The Ghana National Petroleum Corporation (GNPC) is pulling out of a joint venture agreement entered into with Lushann International Energy Corporation (LIEC) of Houston which culminated in the incorporation of the Saltpond Offshore Producing Company Limited (SOPCL), Public Agenda can report.
Details of the underlying reasons are scanty but Thomas Manu, Director of Exploration and Production at GNPC, told this paper in an interview on Thursday that the pull out is a usual business decision. Asked whether the pull out is occasioned by non-profitability, Mr. Manu explained that the pull out will allow the GNPC to concentrate on its shares in the petroleum agreement.
Mr. Manu also explained that the pull out also means that the GNPC “will no more be taking the risks it took while it engaged in the joint venture”.
It is not immediately clear who the GNPC will offload its 45 percent share in the joint venture to. The GNPC has two levels of interest in the Saltpond field: a 15% carried interest by virtue of the petroleum agreement and a 45% share as per the joint venture agreement. The Government of Ghana, in addition, has a 3% royalty stake in the offshore field as provided in the petroleum agreement.
Reactions to the decision have been mixed. There are those who think the GNPC must come clear on the specific reasons for the pull out to avoid unnecessary public speculation. On the other hand, some see the pull out as a wise decision, arguing that the Field has not yielded much crude to be enthused about, and would rather that GNPC refocuses its resources and energy in more viable ventures.
The view of Mohammed Amin Adam, a petroleum economist, is that “The argument to de-risk the GNPC’s participation on the Saltpond license is understandable if the operations are not profitable or viable.”
He however observed what he describes as policy inconsistency in the decision, recalling that government’s policy on oil and gas has been to increase the nation’s interest in the petroleum sector.
He indicated, however, that he was pushing this line even though he is not oblivious of what pertains in other jurisdictions. “I know that Nigeria is considering moving out of these joint ventures to safeguard resources for national development financing.
They are thinking of a tax-based system. If Ghana is considering that, it will be good idea but the tax rates have to be reviewed upwards. In some countries, the tax rates are as much as between 70 and 80%, but it is 35% in Ghana.”
That notwithstanding, others have seen the GNPC’s pull out as laudable and perhaps belated because it was long known that the Saltpond field held little potential for Ghana. The low interest of many Ghanaians in the operations of the SOPCL and the lack of demand for accountability on revenues from the Saltpond field on the part of citizenry is an attestable fact to the unprofitability of the venture, some have argued.
Indeed, Mr.

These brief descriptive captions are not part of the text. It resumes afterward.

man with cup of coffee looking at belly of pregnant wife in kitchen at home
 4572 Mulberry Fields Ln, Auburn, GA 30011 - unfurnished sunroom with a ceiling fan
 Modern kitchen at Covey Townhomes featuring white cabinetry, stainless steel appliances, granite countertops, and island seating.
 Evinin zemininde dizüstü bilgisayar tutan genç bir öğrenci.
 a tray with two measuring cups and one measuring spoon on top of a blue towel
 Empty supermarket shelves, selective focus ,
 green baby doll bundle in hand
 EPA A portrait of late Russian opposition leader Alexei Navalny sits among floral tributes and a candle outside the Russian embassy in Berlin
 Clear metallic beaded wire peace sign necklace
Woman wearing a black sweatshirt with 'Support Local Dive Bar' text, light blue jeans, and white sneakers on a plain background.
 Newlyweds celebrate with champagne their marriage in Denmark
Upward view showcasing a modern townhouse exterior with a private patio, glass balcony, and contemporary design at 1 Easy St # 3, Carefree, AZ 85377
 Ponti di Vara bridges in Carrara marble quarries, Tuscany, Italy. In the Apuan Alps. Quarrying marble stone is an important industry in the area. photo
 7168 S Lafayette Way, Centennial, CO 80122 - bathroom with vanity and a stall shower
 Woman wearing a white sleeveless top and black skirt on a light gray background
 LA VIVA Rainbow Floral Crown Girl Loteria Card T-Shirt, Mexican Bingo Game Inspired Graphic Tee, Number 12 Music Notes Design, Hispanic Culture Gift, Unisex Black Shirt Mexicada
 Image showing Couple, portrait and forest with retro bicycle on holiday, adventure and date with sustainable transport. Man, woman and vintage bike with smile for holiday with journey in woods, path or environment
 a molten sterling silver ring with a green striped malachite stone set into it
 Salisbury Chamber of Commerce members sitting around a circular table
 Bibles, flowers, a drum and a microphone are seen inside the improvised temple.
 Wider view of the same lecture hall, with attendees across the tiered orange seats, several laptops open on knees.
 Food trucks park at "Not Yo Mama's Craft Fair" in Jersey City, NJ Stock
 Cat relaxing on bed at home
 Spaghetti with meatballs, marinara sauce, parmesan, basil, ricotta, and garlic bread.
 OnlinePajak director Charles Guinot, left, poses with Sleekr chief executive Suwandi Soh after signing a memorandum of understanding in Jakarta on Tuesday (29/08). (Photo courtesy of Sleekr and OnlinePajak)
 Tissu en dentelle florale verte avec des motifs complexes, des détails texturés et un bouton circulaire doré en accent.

Manu says less than 1,000 barrels are being produced per day from the Saltpond field. As such it takes a long time for any crude to be lifted from the field. He could not recall when the last crude was lifted and how much accrued from it without the help of documents.
This is in contrast to how readily GNPC makes information on crude lifting and sales from the jubilee field available. In fact, a time-table detailing when partners would lift their share of the crude is available. The GNPC lifted its second consignment less than a fortnight ago.
Those who argue in favour of the GNPC pull out have also pointed to the low quality of crude that is being produced from the Saltpond field. Saltpond produces heavy crude that is considered difficult to refine.